Bishop Kemme describes in his video a nation that has lots its appreciation — and even understanding — of religious freedom.

“Many have taken religious freedom for granted; it’s just been a part of our American inheritance,” he says. “But, my friends, make no mistake. Religious freedom is under attack. There are no tanks in the streets and no one is being arrested for going to church, but religious freedom is in trouble.”

As an example, he points out the Little Sisters of the Poor who filed a lawsuit when faced with a Department of Health and Human Services mandate that would require them to cover contraception and other products contrary to their beliefs — or be fined.

He also addressed the issue of religious Americans who do not want to participate in same-sex wedding ceremonies and what he describes as a loss of the right to oppose a redefinition of marriage.

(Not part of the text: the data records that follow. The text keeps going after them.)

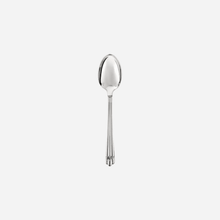 Load image into Gallery viewer, Aria Silver-Plated Coffee Spoon
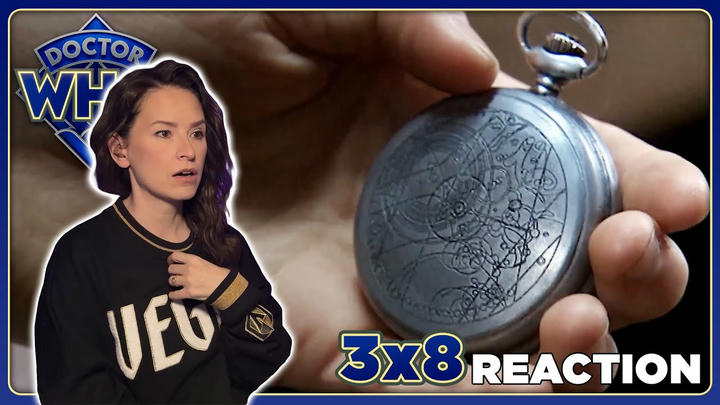 Doctor Who 3x8 EDITED Reaction | Human Nature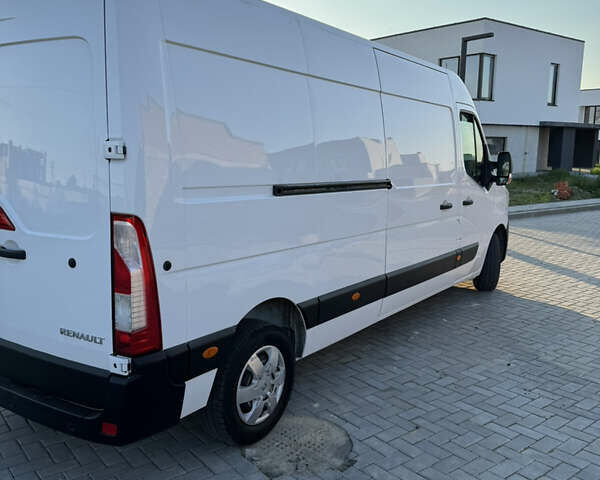 Белый Рено Мастер, объемом двигателя 2.3 л и пробегом 282 тыс. км за 20900 $, фото 4 на Automoto.ua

Archbishop Naumann described intolerance — with the possibility of being penalized — toward those who don’t conform to a different moral viewpoint.

“What’s evolving now is that support for same-sex relations is becoming part of public school curriculum, so what children are being exposed to in public schools, there’s a social agenda that really is in conflict with Christian morality and Christian ethics,” he said. “And again, all of this is done in the name of being tolerant to people with same-sex attraction.”

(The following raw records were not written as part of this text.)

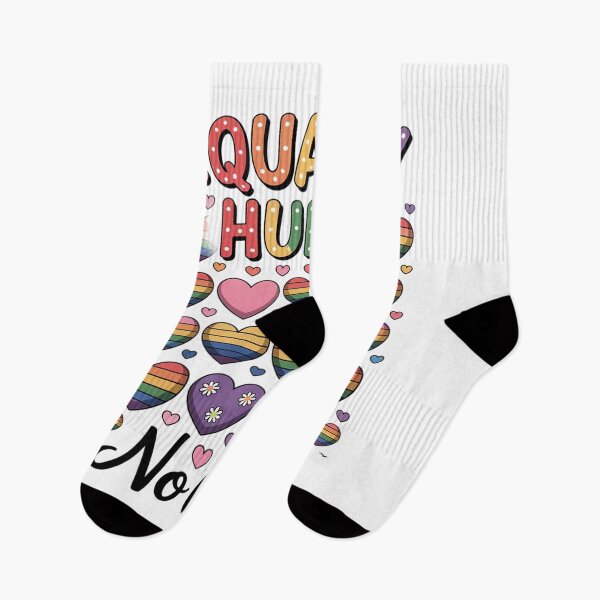 Item preview, Equality Hurts No One Equal Rights Social Justice LGBT Pride designed and sold by August4Laughs25.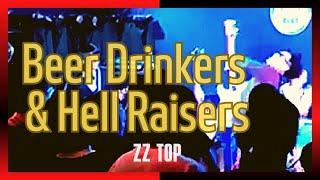 Beer Drinkers & Hell Raisers(ZZ TOP)/ひねもす大臣&The HouseRockers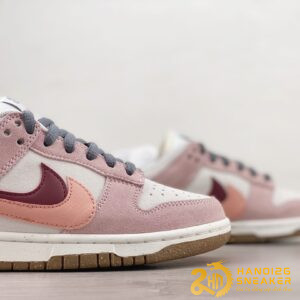 Giày Nike Dunk Low SE 85 Double Swoosh Sail Pink (4)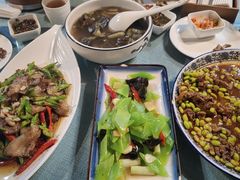 -庶民居中餐馆(花土店)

He emphasized that the church wants to show every concern to people who have same-sex attraction, but said that’s not the same thing as endorsing behavior.

He expressed concerns about a culture that is “confused about something even as fundamental as what constitutes marriage” when our society has historically supported marriage because of its role in raising children, thus forming new citizens.

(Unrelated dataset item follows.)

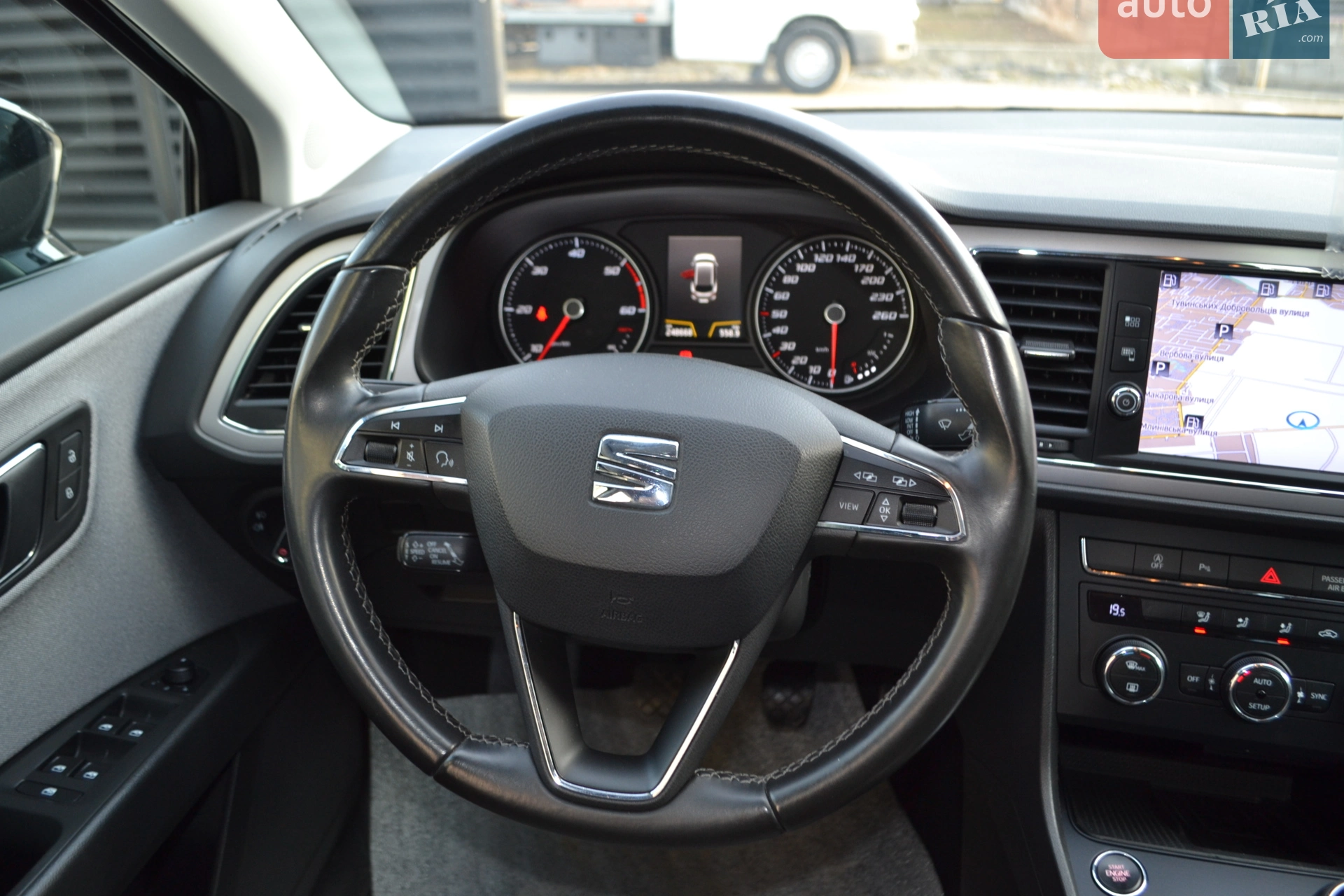 2018 SEAT Leon - мініатюра 49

“It was a natural thing to have the policies that were family friendly, marriage friendly,” he said.

Voter considerations

There is a lot going on in the world today, internationally and inside the United States, the archbishop said, and he believes social issues have a significant impact.

Strong marriages build strong families. Without strong families, he believes the country will lack the strength to be a leader among nations, or even to solve domestic problems.

He also points out that in selecting leaders — presidents, governors and senators who will approve appointments — it’s important to note that these elected leaders are the people who will appoint judges.

Michael Schuttloffel, executive director of the Kansas Catholic Conference, hopes people will help spread these video messages by sharing them with one another and “liking” them on Facebook.

“We need good, believing, faithful Catholics involved in the process more than ever,” he said.

He hopes the messages will get people thinking about many of the issues in today’s world from a moral perspective.

“They’re a call to action,” he said. “They’re designed to get people thinking about some of the issues that are most important.”
Catholics face real challenges in today’s world, he said, and these issues — especially with religious freedom or conscience — will increasingly confront people.

“If you’re someone who is running your own small business, especially in the wedding industry, if you’re someone who works in health care, you’re going to be faced with these issues really soon,” he said. “There are going to be some real challenges.”